The first character called "Ka-Zar" came from the pulps, but when Martin Goodman decided to publish comic books, he moved that character over to his very first, Marvel Comics #1. The first Ka-zar was a boy whose parents' plane crashed in the African jungle when the boy, David Rand, was only three years old. His mother, Constance, died shortly after of the fever, but his father, John, lived until he was killed by hostile natives when David was about 12 or 13. He learned to communicate with the animals and blah, blah, blah... When Lee and Kirby revived the character in 1965 it was a complete reboot, but it was the pulp adventures of Ka-Zar which inspired young Kevin Plumber to... but wait. I'm getting ahead of myself.
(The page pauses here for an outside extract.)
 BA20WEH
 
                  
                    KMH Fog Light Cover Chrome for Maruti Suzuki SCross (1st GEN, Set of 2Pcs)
There has been talk on this board, from time to time, of someone starting a Ka-Zar discussion for as long as I have been a member. The 80th anniversary of the first appearance of the comic book version of the first Ka-Zar seems as good of a time as any to finally do so. Some of the earliest comics I acquired as backissues were the "King-Size" Ka-Zar reprint series and the issues of Marvel Tales reprinting the issues of Spider-Man in which Spidey met Ka-zar. when I was in high school I read Ka-Zar the Savage, and when I was in college I began collecting his early appearances, previous series and reprints via backissues. One of the latest of the early appearances I acquired was his very first from X-Men #10. Up until that time I had been pronouncing his name as I had since I was a child: Kuh-ZAR.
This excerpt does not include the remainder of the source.